Last-modified: 2007-07-10 (火) 23:42:53

第一部.定理12

物質性質のひとつひとつが一見無関係に見えても、それだけで「物質は分割してまったく別々のものにしてしまえる」なんて結論を出すことはできない。

理由

  1. じゃあもし仮に(性質をさんざん調べた結果)物質が分割可能だということになってしまったとしよう。
  2. そうすると、その部分たちは物質の本質を引き継いでいるかいないかのどっちかということになるよね。
  3. 物質を分割した各部分が物質の本質を引き継いでいるとすると、(第一部.定理8に従えば)その各部分たちもそろって無限で、ひとり立ちしていて(第一部.定理5に従えば)、しかもそいつらが示す性質は全部一つ一つ違うはずだ。
  4. でもそうすると、一つの物質から複数の子物質どもが生まれてくるような事態は第一部.定理6と矛盾してしまう。
  5. しかも、その子物質どもは(第一部.定理2によれば)互いに何の共通点もないし、(第一部.決めごと4第一部.定理5に従えば)「部分としての子物質がなくても子物質どもの集団全体が存在できる」し、しかも「子物質がなくても子物質どもの集団全体を考えることができる」というむちゃな状態になってしまう。

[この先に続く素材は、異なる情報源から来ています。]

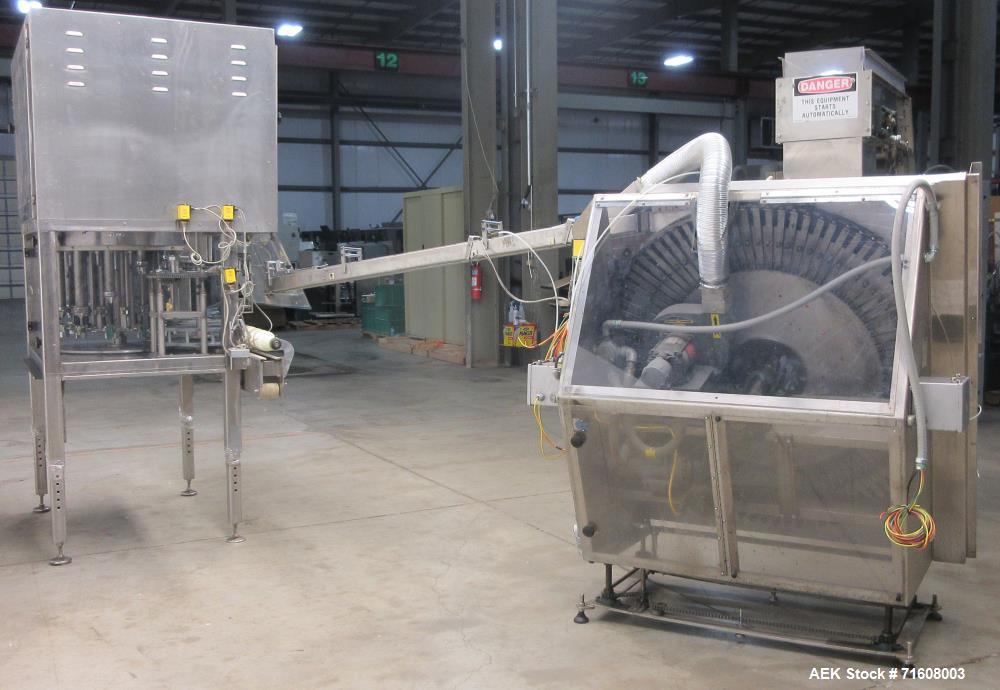 Used Anderson Machine Model WD1200 Rotary Finger Pump Inserter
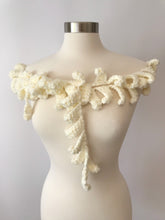 Load image into Gallery viewer, Crochet Lariat Necklace, Crochet Necklace, Crochet Scarf Handmade Necklace Rope Scarf Boho lariat Crochet Jewelry, Crochet Lariat Scarf Gift-The Garden of Felt by Marina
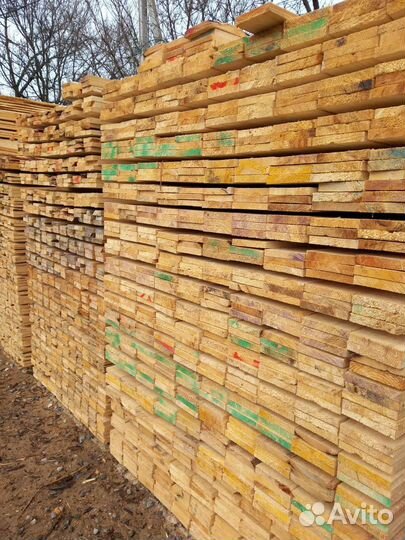 Доска обрезная сосна 1,2 сорт ту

これはあんまりだ。部分があるのにないなんて、誰がどう見たって矛盾のかたまりだ。

今度は後の方、つまり「物質を分割した部分は、物質の本質を引き継いでいない」としたらどうだろう。今度は本当に読んで字のごとく、分割された物質の部分たちはもう物質じゃなくなっている(笑)。そんな子物質が存在できるわけがないよね(第一部.定理7を読み返そう)。

ミルクは二つの容れものに分けてもミルクで、人間は二つにぶった斬ったらもう人間じゃなくなるけど、今の話は(たまたま)後者に近いね。